The buffering seems incorrect to me. Whenever there is a buffer, we need
to make sure we hold the output watermark, otherwise the watermark might
"jump over" a buffered element transitioning it from "on-time" to
"late", which would be a correctness bug (we can transition elements
only from "late" to "on-time", never the other way around). The
alternative is to use @FinishBundle to do the flushing, but might not be
appropriate here.
Currently, the only way to limit the progress of output watermark is by
setting a timer with output timestamp that has the timestamp of the
earliest element in the buffer. There was a thread that was discussing
this in more details [1].
Jan
[1] https://lists.apache.org/thread/y4n5rnhfmh47orhhr92og2r0plvgopl8
On 3/7/22 19:54, Evan Galpin wrote:
In general, I'd also really like to improve my understanding and learn
more about how the employed buffering can cause this skew. Is it
because the call to "flush" is happening from a different "current
window" than the elements were originally buffered from? I'm actually
thinking that the PR[1] to "fix" this would have had the side effect
of outputting buffered elements into the window from which "flush" was
called rather than the window from which the buffered data originated.

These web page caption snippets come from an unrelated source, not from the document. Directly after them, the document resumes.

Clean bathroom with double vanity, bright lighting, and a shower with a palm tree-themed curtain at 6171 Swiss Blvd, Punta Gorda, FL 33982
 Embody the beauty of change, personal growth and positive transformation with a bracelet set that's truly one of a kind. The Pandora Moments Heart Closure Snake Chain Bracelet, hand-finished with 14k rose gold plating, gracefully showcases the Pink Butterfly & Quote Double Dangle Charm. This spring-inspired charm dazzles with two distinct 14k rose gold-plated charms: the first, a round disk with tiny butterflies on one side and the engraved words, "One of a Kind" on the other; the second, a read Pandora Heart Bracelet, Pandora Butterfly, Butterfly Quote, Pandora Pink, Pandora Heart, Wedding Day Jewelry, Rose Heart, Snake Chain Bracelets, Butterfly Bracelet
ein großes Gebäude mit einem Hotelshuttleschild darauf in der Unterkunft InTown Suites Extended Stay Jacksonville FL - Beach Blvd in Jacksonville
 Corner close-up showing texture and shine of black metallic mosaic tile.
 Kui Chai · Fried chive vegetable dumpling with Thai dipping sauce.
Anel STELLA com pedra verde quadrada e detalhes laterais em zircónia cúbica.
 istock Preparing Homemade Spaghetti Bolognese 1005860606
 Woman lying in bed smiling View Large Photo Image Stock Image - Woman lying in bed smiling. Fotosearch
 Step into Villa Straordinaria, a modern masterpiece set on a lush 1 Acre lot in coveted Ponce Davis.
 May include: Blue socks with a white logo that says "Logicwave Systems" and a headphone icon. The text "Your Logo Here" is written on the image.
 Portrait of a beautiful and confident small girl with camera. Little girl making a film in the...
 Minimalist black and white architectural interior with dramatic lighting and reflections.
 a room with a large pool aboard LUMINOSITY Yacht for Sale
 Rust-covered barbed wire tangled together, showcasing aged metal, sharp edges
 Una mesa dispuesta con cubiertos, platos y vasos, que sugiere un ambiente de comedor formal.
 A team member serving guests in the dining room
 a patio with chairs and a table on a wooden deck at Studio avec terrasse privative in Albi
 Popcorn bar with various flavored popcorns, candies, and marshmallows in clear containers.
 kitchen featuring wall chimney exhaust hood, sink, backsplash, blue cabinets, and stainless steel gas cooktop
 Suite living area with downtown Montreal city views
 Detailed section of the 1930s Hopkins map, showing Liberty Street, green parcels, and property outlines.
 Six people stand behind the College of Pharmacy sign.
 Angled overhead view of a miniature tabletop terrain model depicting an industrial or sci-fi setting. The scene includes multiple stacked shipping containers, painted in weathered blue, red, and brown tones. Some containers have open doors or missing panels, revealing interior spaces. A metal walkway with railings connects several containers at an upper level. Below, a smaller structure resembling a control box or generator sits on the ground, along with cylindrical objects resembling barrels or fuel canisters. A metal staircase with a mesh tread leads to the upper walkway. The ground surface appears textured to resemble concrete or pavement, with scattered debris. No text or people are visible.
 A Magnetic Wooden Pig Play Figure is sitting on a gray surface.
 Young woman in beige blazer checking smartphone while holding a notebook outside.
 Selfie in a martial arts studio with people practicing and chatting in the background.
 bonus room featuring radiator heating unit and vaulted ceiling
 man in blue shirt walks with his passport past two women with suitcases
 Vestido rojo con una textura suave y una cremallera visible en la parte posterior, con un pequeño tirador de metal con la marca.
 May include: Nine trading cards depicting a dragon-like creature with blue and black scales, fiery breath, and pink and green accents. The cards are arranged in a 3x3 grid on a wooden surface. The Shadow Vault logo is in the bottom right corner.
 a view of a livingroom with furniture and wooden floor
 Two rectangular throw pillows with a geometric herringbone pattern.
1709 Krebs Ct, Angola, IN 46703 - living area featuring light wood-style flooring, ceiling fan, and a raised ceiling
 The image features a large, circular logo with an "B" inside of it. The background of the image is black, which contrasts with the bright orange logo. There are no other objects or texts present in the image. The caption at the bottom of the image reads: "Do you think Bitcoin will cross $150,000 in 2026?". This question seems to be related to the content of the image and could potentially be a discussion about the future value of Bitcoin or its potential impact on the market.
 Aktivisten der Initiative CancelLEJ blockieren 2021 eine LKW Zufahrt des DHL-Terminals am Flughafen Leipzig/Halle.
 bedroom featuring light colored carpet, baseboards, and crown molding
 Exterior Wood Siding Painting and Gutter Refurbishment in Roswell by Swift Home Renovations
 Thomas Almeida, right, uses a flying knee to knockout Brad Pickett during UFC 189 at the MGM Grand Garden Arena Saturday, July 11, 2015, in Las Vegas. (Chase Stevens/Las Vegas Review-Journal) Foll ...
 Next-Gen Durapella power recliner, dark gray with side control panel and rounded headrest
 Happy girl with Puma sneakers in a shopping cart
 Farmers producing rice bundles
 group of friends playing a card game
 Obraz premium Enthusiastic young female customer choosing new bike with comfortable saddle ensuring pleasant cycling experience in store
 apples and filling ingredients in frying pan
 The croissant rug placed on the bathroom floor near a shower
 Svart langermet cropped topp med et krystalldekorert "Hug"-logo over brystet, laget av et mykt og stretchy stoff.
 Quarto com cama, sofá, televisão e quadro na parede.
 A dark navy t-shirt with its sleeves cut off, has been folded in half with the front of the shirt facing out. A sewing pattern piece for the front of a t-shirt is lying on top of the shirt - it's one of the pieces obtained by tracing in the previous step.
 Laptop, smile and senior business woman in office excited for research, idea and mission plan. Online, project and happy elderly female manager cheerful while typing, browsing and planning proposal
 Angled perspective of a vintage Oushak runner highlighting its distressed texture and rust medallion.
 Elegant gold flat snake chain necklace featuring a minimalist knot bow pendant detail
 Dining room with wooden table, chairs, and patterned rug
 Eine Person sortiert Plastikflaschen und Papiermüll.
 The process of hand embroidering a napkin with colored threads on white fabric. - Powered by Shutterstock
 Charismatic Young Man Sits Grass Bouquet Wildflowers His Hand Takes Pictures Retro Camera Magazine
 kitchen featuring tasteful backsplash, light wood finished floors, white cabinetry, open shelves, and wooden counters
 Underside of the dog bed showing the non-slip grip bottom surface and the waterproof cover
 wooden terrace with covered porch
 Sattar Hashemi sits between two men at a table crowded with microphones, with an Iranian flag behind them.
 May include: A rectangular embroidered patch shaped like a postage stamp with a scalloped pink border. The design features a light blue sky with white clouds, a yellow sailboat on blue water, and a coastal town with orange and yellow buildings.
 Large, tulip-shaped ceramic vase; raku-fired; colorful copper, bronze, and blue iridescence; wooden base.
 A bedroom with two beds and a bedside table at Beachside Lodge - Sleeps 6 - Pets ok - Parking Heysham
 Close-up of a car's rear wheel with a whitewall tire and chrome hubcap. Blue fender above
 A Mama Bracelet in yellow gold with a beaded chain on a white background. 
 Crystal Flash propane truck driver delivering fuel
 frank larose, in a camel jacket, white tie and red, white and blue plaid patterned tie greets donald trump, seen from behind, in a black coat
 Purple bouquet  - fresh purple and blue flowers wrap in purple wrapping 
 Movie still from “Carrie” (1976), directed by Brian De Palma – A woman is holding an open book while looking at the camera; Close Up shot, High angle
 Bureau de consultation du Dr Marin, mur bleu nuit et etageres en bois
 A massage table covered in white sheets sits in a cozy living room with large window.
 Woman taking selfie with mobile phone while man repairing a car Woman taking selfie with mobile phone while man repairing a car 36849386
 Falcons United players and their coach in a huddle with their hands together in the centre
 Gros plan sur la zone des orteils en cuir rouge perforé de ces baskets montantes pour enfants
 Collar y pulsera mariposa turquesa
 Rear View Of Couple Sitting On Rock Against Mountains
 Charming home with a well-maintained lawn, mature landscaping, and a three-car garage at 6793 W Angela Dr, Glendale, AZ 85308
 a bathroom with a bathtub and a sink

I suppose that could be problematic, but should at least satisfy the
validation code.
[1] https://github.com/apache/beam/pull/16744
On Mon, Mar 7, 2022 at 1:39 PM Evan Galpin <evan.gal...@gmail.com> wrote:
x-post from the associated Jira ticket[0]
Fortunately/unfortunately this same issue struck me as well, and I
opened a PR[1] to use `ProcessContext#output` rather than
`ProcessContext#outputWithTimestamp`. I believe that should
resolve this issue, it has for me when running jobs with a
vendored SDK with that change included. Do folks feel this change
to be cherry-picked into 2.37.0?
The change also prompted a question to the mailing list[2] about
skew validation difference between ProcessContext vs
FinishBundleContext (where there is no ability to compute skew as
I understand it).
[0] https://issues.apache.org/jira/browse/BEAM-14064
[1] https://github.com/apache/beam/pull/16744
[2] https://lists.apache.org/thread/33kj1yjmn6kkvpl4vz02vnfyn2bpzycp
On Mon, Mar 7, 2022 at 12:41 PM Luke Cwik <lc...@google.com> wrote:
This is specifically a case where the @ProcessElement saw
window X for element X0 and buffered it into memory and then
when processing window Y and element Y0 wanted to flush
previously buffered element X0. This all occurred as part of
the same bundle.
In general, yes, outputting to an earlier window is problematic.
On Mon, Mar 7, 2022 at 9:32 AM Reuven Lax <re...@google.com>
wrote:
Outputting to an earlier window is problematic,as the
watermark can never be correct if a DoFn can move time
backwards arbitrarily.
On Mon, Mar 7, 2022 at 9:01 AM Luke Cwik
<lc...@google.com> wrote:
A good question would be should I be able to output to
a different window from the current @ProcessElement
call, like what we can do from @FinishBundle to handle
these buffering scenarios.
On Mon, Mar 7, 2022 at 8:53 AM Luke Cwik
<lc...@google.com> wrote:
The issue is that ElasticsearchIO is collecting
results from elements in window X and then trying
to output them in window Y when flushing the
batch. This exposed a bug where elements that were
being buffered were being output as part of a
different window than what the window that
produced them was.
This became visible because validation was added
recently to ensure that when the pipeline is
processing elements in window X that output with a
timestamp is valid for window X. Note that this
validation only occurs in @ProcessElement since
output is associated with the current window with
the input element that is being processed.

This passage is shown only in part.